| name | esql |
| description | Query Elasticsearch/Kibana using ES|QL via the Kibana async search API. Requires an initial curl command from the user to extract session credentials. Triggers: /esql, "query elastic", "search logs", "check elastic logs", "run esql", "elasticsearch query", "check kibana" |
ES|QL Query Skill
Query Elasticsearch via the Kibana ES|QL async search API. Run ES|QL queries directly against Kibana clusters without the user needing to copy-paste results.
Setup
Staging / Production — ,es-web CLI
The ,es-web CLI at /Users/meain/.local/bin/utils/,es-web handles Kibana ES|QL queries with automatic async polling, session management, and table output.
First-time setup for a cluster: the user provides a curl command from Kibana's network tab:
pbpaste | ,es-web init stg-us
pbpaste | ,es-web init prd-eu
Check configured clusters:
,es-web list
Session cookies expire after a few hours. If you get a 401/session expired error:
- Look up the Kibana URL for the target cluster from the Confluence Speed Dial page (
confluence page 405504500)
- Open it with
open <url> (with dangerouslyDisableSandbox: true)

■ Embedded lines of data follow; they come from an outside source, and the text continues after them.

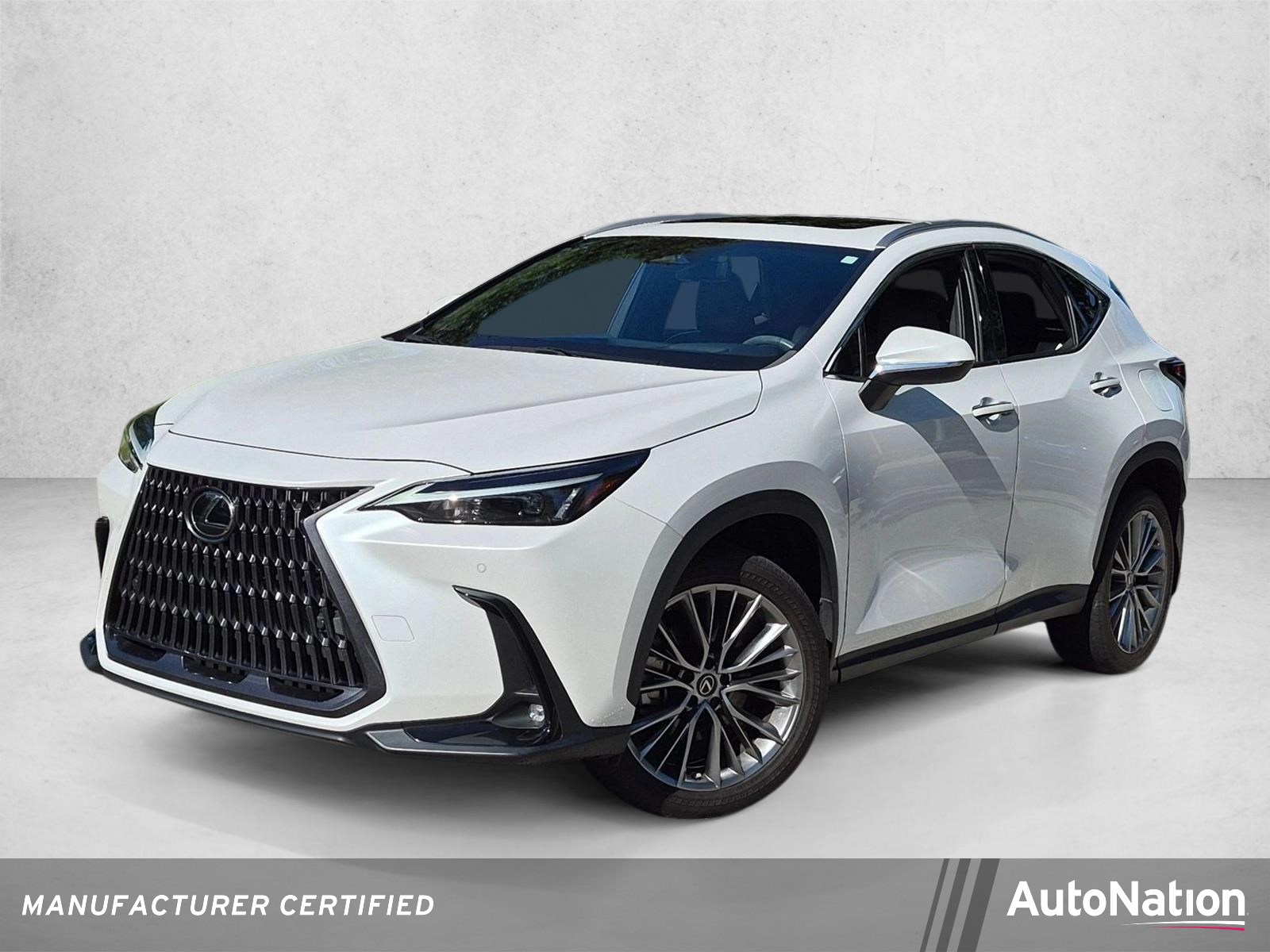 2023 Lexus NX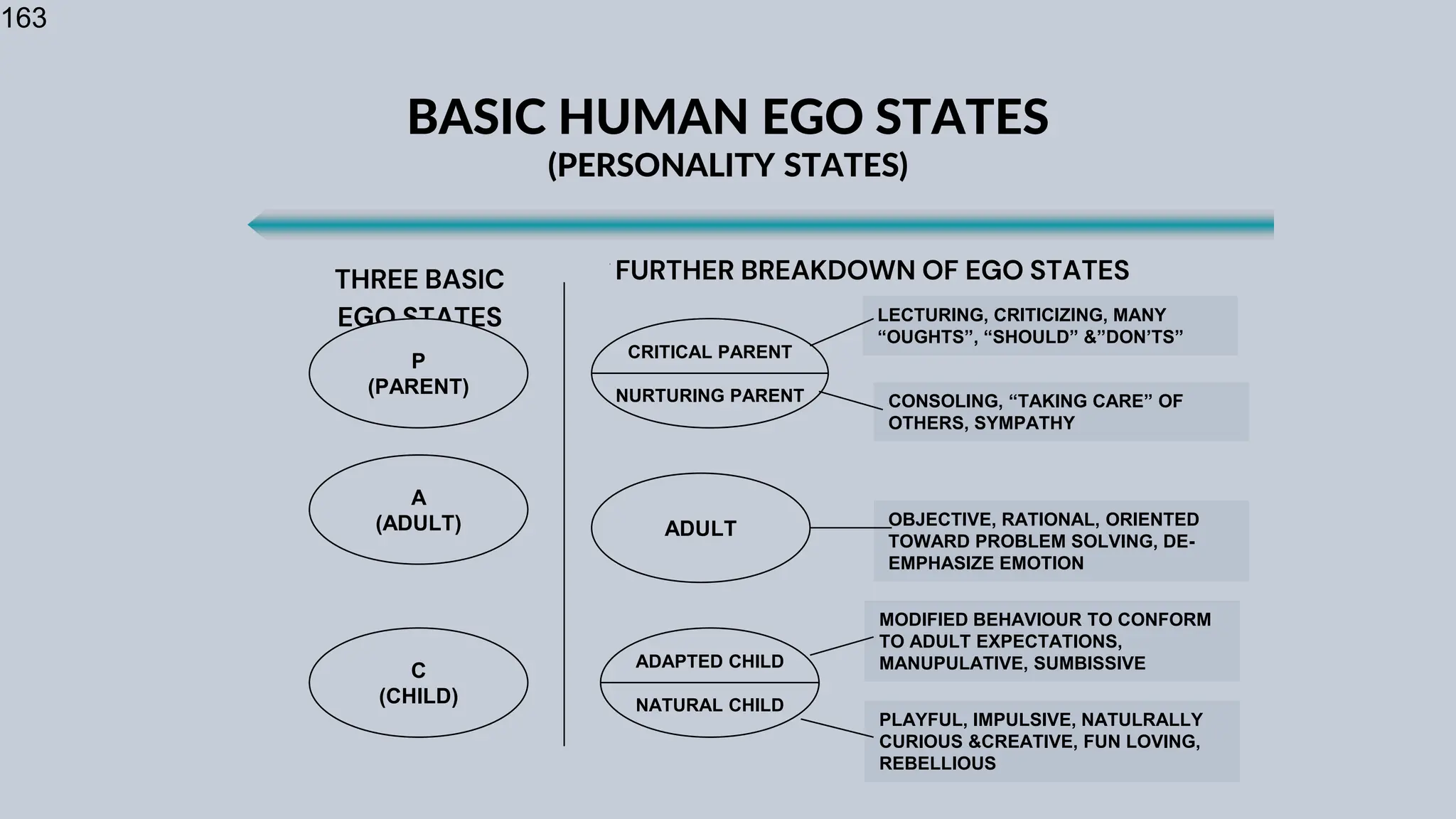 163
BASIC HUMAN EGO STATES
(PERSONALITY STATES)
THREE BASIC
EGO STATES
FURTHER BREAKDOWN OF EGO STATES
P
(PARENT)
A
(ADULT)
C
(CHILD)
CRITICAL PARENT
NURTURING PARENT
ADULT
ADAPTED CHILD
NATURAL CHILD
LECTURING, CRITICIZING, MANY
“OUGHTS”, “SHOULD” &”DON’TS”
CONSOLING, “TAKING CARE” OF
OTHERS, SYMPATHY
OBJECTIVE, RATIONAL, ORIENTED
TOWARD PROBLEM SOLVING, DE-
EMPHASIZE EMOTION
MODIFIED BEHAVIOUR TO CONFORM
TO ADULT EXPECTATIONS,
MANUPULATIVE, SUMBISSIVE
PLAYFUL, IMPULSIVE, NATULRALLY
CURIOUS &CREATIVE, FUN LOVING,
REBELLIOUS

- Ask the user to copy a curl from the network tab and run
! pbpaste | ,es-web init <cluster>
How to query with ,es-web
,es-web -c stg-us -s earn -t 1h -n 20
,es-web -c stg-us -s earn -t 1h -q 'message LIKE "*validation*"'
,es-web -c stg-us -s earn -t 1h -f '@timestamp, message, labels.error'
,es-web -c stg-us 'FROM logs-* | WHERE service.name == "earn" | STATS count = COUNT(*) BY labels.event_type | SORT count DESC | LIMIT 10'
,es-web -c stg-us -s earn -t 30m --json
,es-web -c stg-us -s earn -t 1h --debug
,es-web options
-c — Cluster alias (e.g. stg-us, prd-eu)
-s — service.name filter
-t — Time window (e.g. 30m, 1h, 2d). Defaults to 4h if omitted (a warning is printed to stderr)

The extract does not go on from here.